● **What is needed**: In the records below, find the line with "Does your HVAC", then retype it and every following line exactly, stopping after the line with "On the overview". Leave the pictures out.

● **Task material**:
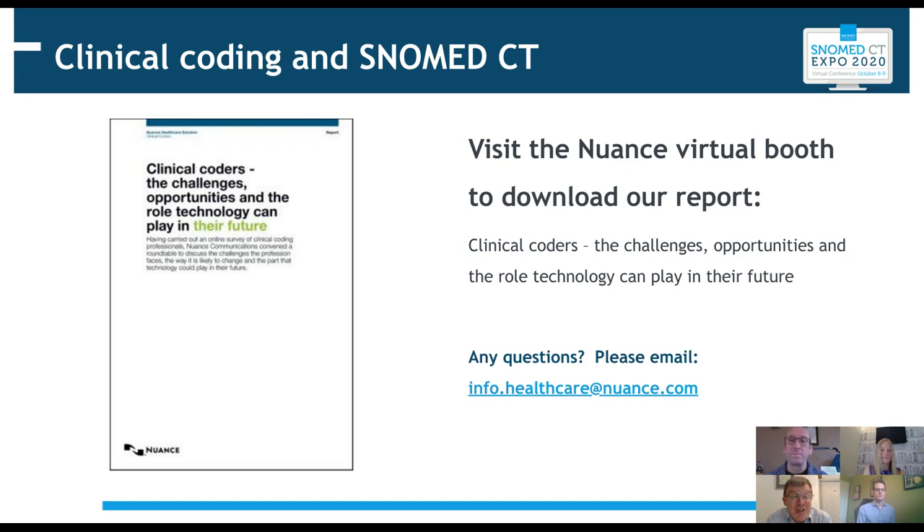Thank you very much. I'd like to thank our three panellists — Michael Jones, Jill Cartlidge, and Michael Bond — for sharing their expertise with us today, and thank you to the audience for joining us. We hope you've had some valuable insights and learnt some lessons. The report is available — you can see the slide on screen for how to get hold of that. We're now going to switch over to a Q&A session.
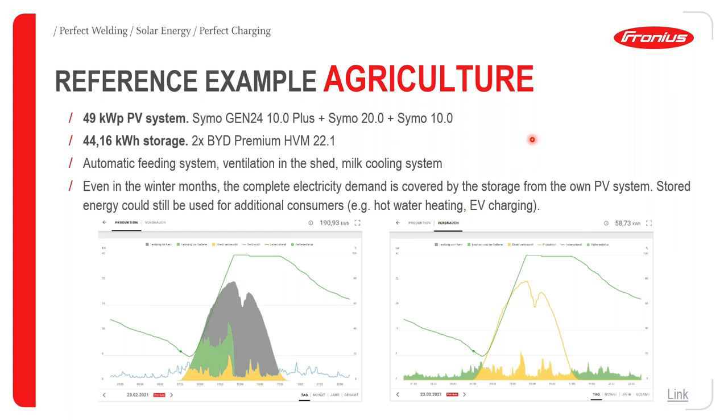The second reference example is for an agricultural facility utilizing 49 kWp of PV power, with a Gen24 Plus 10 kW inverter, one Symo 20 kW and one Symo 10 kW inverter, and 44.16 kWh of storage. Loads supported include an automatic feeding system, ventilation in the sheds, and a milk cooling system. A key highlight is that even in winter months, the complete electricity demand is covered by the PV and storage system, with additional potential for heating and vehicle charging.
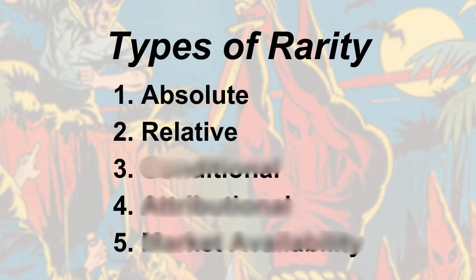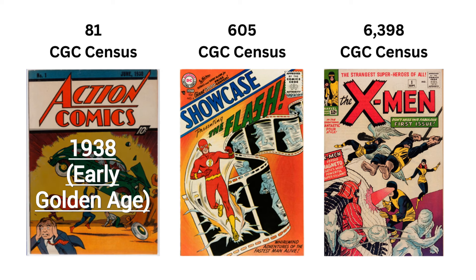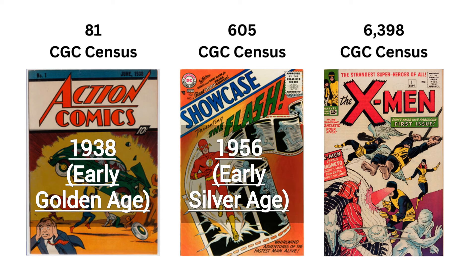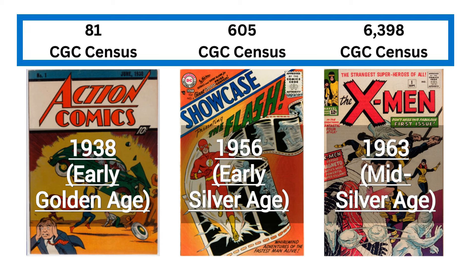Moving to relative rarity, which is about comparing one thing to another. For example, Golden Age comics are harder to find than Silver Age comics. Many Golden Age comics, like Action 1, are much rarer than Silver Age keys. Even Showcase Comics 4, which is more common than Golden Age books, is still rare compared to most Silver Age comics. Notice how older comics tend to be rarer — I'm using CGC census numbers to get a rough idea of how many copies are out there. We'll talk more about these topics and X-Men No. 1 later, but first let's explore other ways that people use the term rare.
--
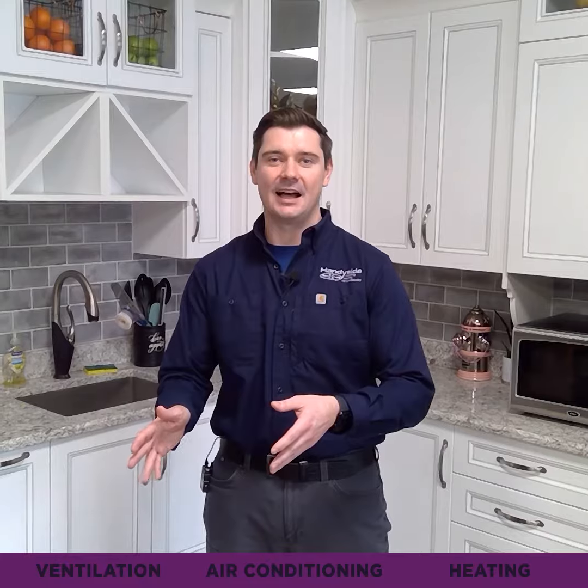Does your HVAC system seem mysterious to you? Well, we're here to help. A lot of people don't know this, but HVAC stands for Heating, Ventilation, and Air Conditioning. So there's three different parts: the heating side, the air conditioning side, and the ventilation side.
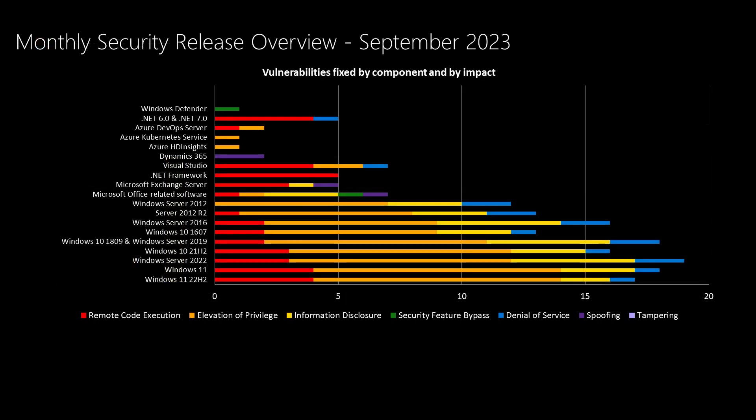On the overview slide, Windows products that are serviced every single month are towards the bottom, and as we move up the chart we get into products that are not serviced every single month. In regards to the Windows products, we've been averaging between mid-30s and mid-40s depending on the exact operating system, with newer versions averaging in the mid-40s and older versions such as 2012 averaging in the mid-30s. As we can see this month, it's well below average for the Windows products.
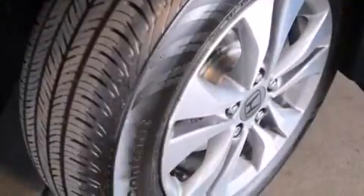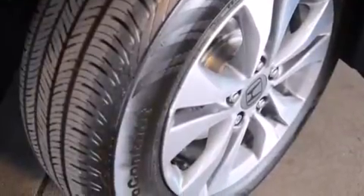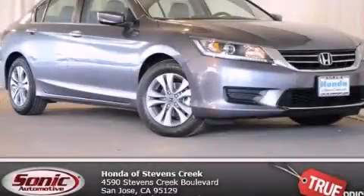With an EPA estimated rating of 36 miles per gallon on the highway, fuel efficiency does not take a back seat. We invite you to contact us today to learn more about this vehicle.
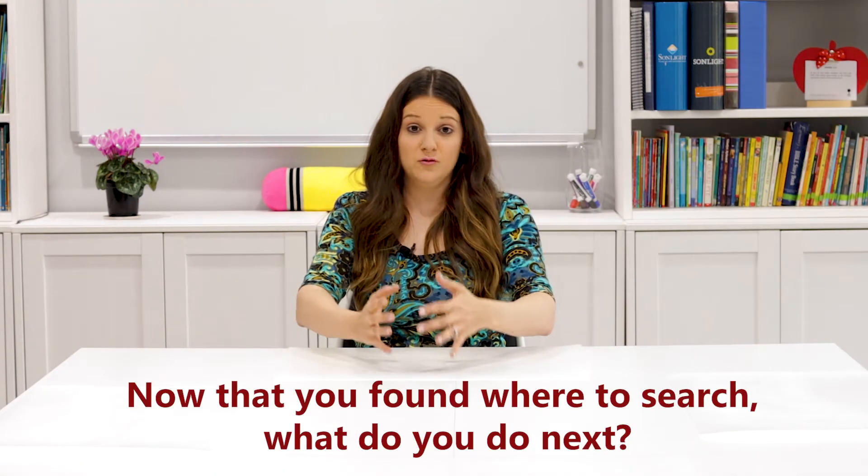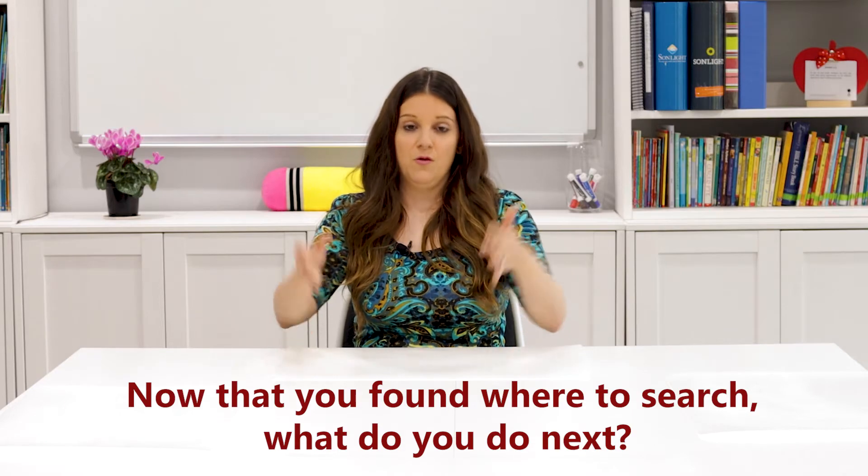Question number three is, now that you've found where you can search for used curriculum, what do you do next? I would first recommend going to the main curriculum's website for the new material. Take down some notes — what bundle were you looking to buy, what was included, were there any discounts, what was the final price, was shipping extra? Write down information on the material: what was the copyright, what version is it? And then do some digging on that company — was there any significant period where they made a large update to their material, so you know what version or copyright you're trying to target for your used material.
---
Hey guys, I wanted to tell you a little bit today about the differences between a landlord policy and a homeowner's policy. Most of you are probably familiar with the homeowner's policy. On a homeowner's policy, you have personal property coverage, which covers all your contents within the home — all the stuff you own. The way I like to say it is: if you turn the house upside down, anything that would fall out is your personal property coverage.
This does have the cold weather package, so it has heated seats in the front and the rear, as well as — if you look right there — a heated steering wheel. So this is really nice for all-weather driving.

● **Reply**:
Does your HVAC system seem mysterious to you? Well, we're here to help. A lot of people don't know this, but HVAC stands for Heating, Ventilation, and Air Conditioning. So there's three different parts: the heating side, the air conditioning side, and the ventilation side.
On the overview slide, Windows products that are serviced every single month are towards the bottom, and as we move up the chart we get into products that are not serviced every single month. In regards to the Windows products, we've been averaging between mid-30s and mid-40s depending on the exact operating system, with newer versions averaging in the mid-40s and older versions such as 2012 averaging in the mid-30s. As we can see this month, it's well below average for the Windows products.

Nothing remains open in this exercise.